For the procedures (4) to (6), Cy3-RCA 120 probe and Cy3-BSA probe was used and experimental procedure was conducted in accordance with the method described in Example 2(4) to (6).

2. Result and Consideration

The result of the experiment showed that the structural information of the glycan added to the glycoside peptide could be obtained at a high throughput and easily by arranging the glycoside peptide into an array. As a method of manufacturing the glycoside peptide array, it may be considered, for example, (1) immobilization of purified glycoside peptide, (2) immobilization of crude glycoside peptide, or (3) immobilization of a glycoside peptide fraction separated by HPLC. In this experiment, respective fractions separated by HPLC formed into an array could be manufactured and their usefulness could be shown.

Heretofore, it was not easy to obtain an information as to where the glycoside peptide was contained in the fractions fractionated by HPLC since this could not be monitored, for example, by UV absorption or fluorescence. The result of this experiment revealed that it could easily be recognized that which fractions comprise glycan peptides having what kind of glycan by using the array in which each of the glycoside peptide fractions is immobilized.
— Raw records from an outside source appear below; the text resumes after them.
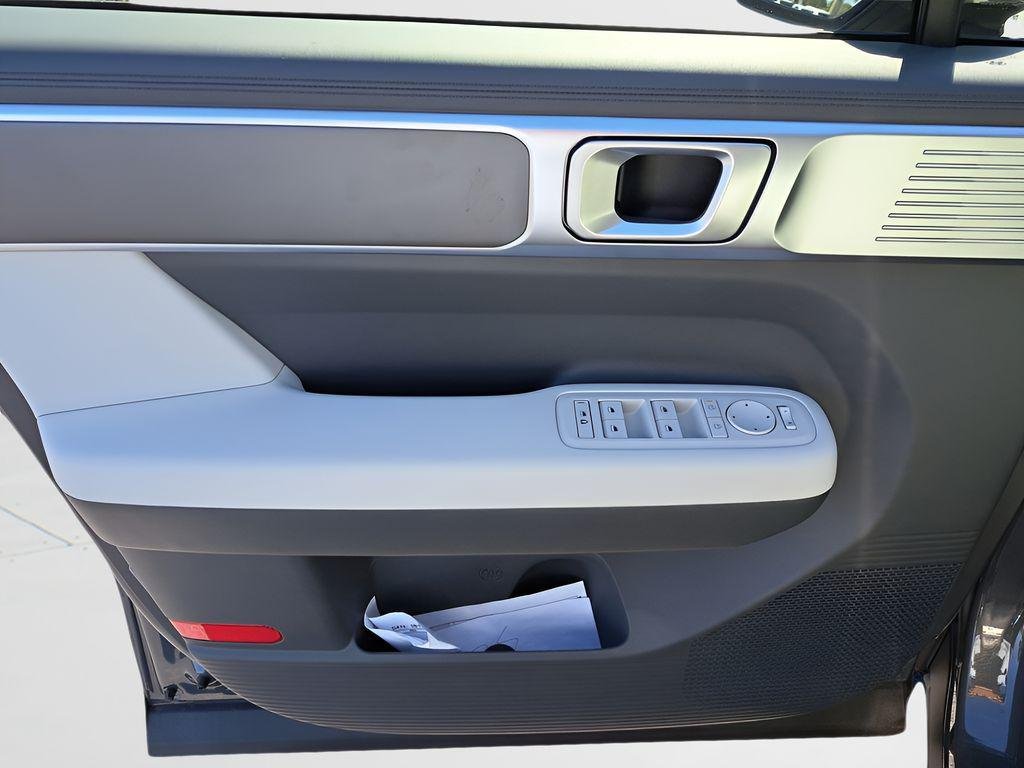 2026 Hyundai Santa Fe SE - Photo 14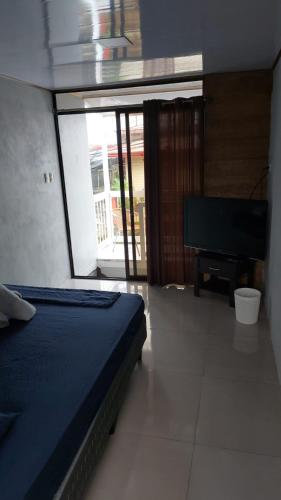 Hotel Pacuare Turrialba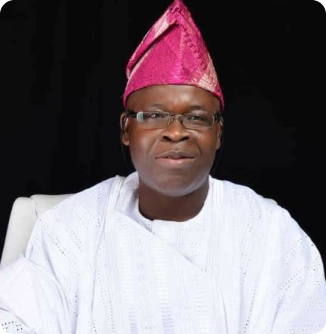Chief Dotun Sanusi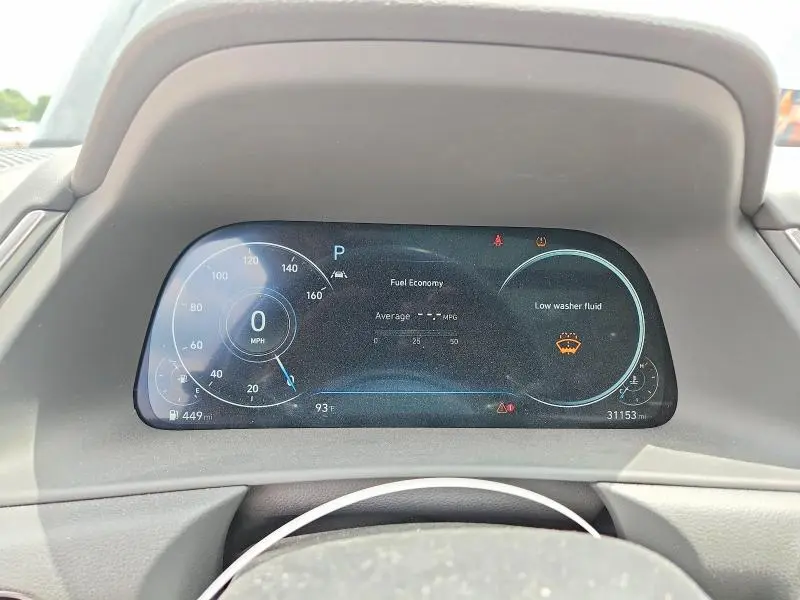 2022 HYUNDAI SONATA LIMITED  
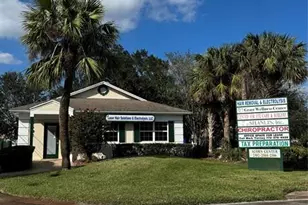 2502 Acorn St, Fort Pierce, FL 34947 - Photo 1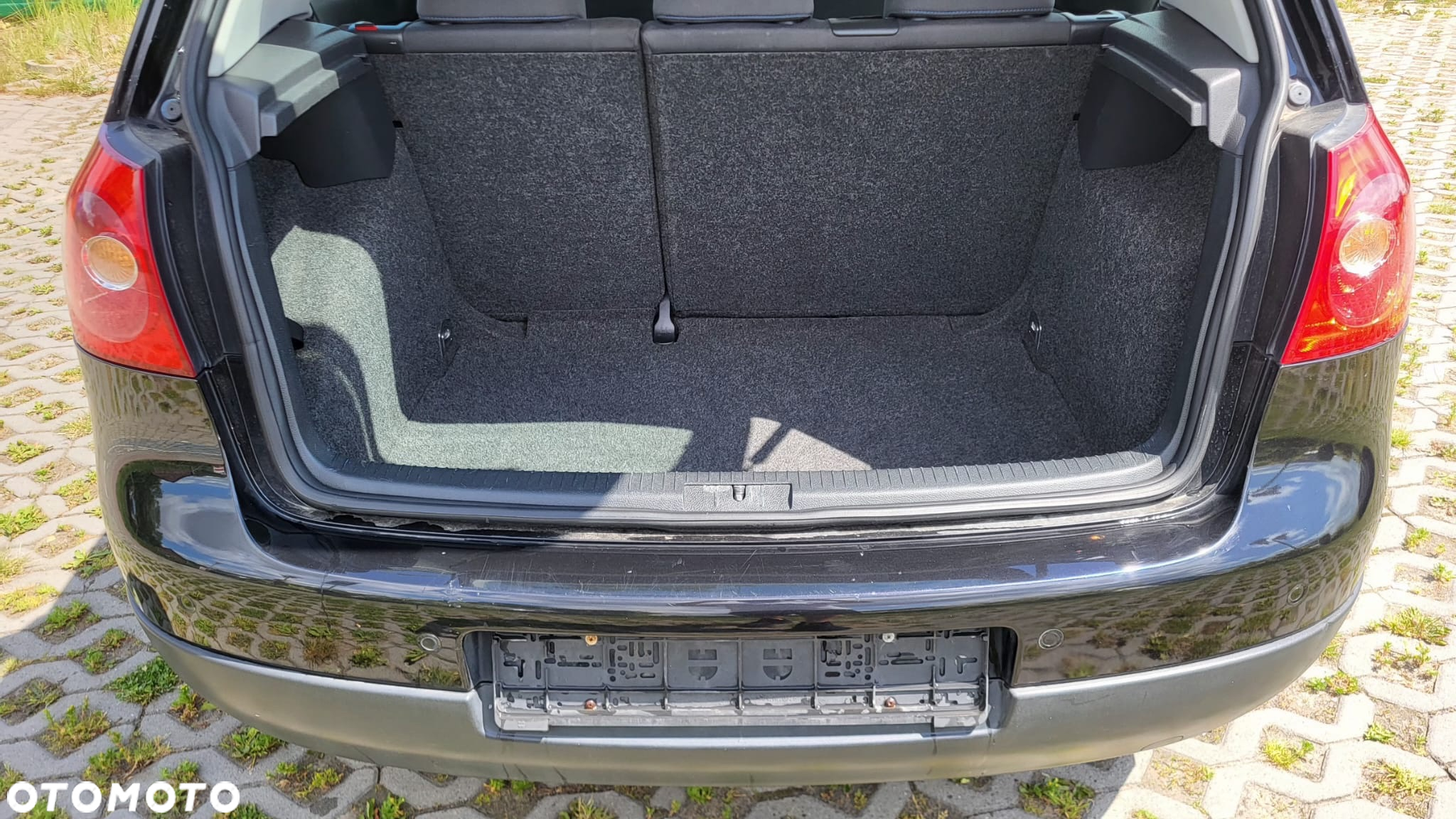 Volkswagen Golf - 11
Since it is possible to rapidly obtain information as to which fraction contains a glycoside peptide having a glycan as a target of analysis by utilizing this method, it is possible to select only the fractions containing the glycans efficiently from a number of fractions and serve them to another analysis such as mass analysis. Further, in a case where there is no information on the glycan structure of a glycoside peptide as a target of analysis or there is no information on what type of lectin is bonded, lectins binding to the glycoside proteins could be refined from several tens types of lectins by conducting the analysis using the lectin array in a state of the glycoside protein before trypsin digestion and conducting glycan profiling. By obtaining such information, procedures such as lectin plotting which were conducted in a round-robin manner so far by using a plurality of lectins can be simplified to provide a merit capable of greatly saving time and labors.

Reference Example 2

Application to Other Glycan Concerned Arrays

Glycan concerned arrays include a lectin array using the glycan for the probe, as well as a lectin array using glycoside protein for a probe, a glycoside peptide array using lectin for a probe, a glycoside protein array using lectin for a probe and an antibody array using lectin as a probe. FIG. 23 shows a schematic view for the interaction between various glycan concerned arrays and glycans.